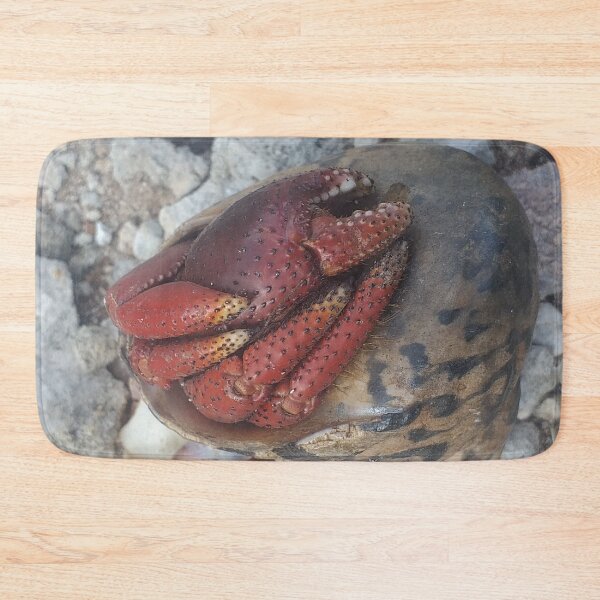 Item preview, Long Island Baha Soldier Crab designed and sold by SaSaBoutique.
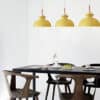 Inverted Bowl-Like Suspension Lamp - Dining Room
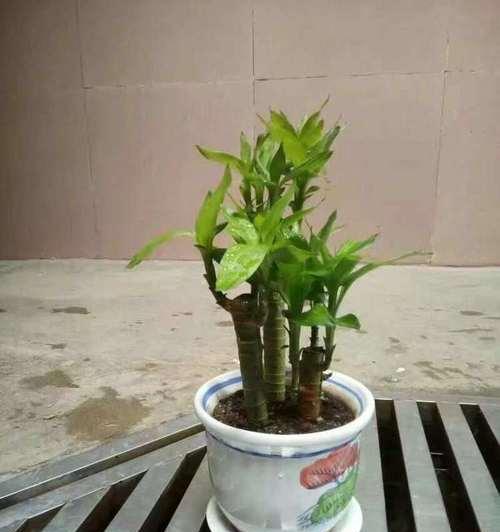 鲜花向日葵君子兰的养护技巧是什么？如何保持其健康生长？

▶ _Task details_
Output the material above verbatim but exclude each picture.

▶ _Answer box_
 Item preview, Long Island Baha Soldier Crab designed and sold by SaSaBoutique.
 Inverted Bowl-Like Suspension Lamp - Dining Room
 鲜花向日葵君子兰的养护技巧是什么？如何保持其健康生长？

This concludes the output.